## Dataset entries
'''
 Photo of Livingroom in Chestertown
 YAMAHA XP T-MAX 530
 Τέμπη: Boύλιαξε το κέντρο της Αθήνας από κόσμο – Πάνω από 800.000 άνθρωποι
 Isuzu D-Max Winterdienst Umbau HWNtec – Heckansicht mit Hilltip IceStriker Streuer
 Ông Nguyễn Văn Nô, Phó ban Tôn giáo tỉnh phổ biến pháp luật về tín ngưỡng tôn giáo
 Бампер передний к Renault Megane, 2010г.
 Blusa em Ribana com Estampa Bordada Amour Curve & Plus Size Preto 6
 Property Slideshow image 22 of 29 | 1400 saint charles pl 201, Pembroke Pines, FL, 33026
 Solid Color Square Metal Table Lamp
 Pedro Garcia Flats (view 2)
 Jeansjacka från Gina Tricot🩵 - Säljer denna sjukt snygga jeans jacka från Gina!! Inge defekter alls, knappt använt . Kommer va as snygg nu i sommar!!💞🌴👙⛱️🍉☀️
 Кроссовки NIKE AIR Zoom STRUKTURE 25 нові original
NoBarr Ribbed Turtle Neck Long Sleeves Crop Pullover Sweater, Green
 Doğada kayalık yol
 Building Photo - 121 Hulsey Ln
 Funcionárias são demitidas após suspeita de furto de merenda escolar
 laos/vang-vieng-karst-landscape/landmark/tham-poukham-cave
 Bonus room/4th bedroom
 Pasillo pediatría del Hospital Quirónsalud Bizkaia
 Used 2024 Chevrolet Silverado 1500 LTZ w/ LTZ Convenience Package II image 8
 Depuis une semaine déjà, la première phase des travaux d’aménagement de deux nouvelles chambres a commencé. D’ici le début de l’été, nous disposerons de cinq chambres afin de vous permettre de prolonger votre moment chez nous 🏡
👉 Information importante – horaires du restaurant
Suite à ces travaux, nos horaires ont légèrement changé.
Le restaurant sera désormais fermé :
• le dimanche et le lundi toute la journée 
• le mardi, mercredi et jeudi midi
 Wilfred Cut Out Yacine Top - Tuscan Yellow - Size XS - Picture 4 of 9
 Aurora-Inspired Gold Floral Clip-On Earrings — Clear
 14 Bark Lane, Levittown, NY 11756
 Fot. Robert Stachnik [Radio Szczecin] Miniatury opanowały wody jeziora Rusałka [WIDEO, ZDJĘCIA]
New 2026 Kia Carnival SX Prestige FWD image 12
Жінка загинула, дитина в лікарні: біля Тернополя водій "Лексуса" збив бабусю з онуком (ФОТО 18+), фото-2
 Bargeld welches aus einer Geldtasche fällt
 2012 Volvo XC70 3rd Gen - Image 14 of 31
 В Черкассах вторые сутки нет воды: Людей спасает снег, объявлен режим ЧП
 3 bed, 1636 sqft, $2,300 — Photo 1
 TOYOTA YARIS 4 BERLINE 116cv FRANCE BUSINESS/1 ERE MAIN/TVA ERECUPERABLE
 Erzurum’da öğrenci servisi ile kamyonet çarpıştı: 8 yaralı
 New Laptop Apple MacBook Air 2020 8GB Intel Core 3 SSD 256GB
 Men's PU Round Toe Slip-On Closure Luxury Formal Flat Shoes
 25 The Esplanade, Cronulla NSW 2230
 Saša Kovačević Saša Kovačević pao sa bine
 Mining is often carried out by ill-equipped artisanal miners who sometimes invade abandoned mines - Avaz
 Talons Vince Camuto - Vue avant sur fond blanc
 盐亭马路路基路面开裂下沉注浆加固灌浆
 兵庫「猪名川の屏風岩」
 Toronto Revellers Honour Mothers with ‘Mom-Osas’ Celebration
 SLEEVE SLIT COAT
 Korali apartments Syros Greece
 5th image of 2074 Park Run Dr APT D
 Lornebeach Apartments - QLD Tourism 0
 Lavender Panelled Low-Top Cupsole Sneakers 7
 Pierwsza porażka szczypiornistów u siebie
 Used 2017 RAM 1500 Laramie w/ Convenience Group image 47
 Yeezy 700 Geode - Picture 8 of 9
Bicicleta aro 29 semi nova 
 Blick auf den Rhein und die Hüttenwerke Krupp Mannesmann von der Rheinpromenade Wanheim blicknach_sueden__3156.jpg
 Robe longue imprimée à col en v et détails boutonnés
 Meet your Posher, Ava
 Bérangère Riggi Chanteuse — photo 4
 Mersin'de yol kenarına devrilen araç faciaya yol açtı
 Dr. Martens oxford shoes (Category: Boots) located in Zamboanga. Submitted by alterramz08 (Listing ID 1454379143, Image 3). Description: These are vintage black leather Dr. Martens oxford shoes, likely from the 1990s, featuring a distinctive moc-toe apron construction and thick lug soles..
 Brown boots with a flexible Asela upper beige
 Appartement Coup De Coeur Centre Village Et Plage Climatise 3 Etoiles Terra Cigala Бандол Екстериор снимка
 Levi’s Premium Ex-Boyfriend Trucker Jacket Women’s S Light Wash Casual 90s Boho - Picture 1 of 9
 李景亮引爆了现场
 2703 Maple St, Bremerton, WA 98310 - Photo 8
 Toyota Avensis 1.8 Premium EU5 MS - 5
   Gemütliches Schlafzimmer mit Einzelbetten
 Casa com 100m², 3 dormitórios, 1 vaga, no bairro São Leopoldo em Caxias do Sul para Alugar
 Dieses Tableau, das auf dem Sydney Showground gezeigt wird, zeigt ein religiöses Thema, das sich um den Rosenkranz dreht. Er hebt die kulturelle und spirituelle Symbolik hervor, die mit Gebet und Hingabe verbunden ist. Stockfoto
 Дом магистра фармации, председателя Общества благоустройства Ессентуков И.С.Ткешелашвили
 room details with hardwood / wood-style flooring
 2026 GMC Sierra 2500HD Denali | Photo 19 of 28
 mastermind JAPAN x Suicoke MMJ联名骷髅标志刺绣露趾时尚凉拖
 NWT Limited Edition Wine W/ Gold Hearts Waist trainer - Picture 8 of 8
'''
For this exercise, please output exactly the lines above starting at the line with "Saša Kovačević Saša Kovačević pao sa bine" and ending at the line with "Lornebeach Apartments - QLD Tourism 0", ends included.

## Expected answer
 Saša Kovačević Saša Kovačević pao sa bine
 Mining is often carried out by ill-equipped artisanal miners who sometimes invade abandoned mines - Avaz
 Talons Vince Camuto - Vue avant sur fond blanc
 盐亭马路路基路面开裂下沉注浆加固灌浆
 兵庫「猪名川の屏風岩」
 Toronto Revellers Honour Mothers with ‘Mom-Osas’ Celebration
 SLEEVE SLIT COAT
 Korali apartments Syros Greece
 5th image of 2074 Park Run Dr APT D
 Lornebeach Apartments - QLD Tourism 0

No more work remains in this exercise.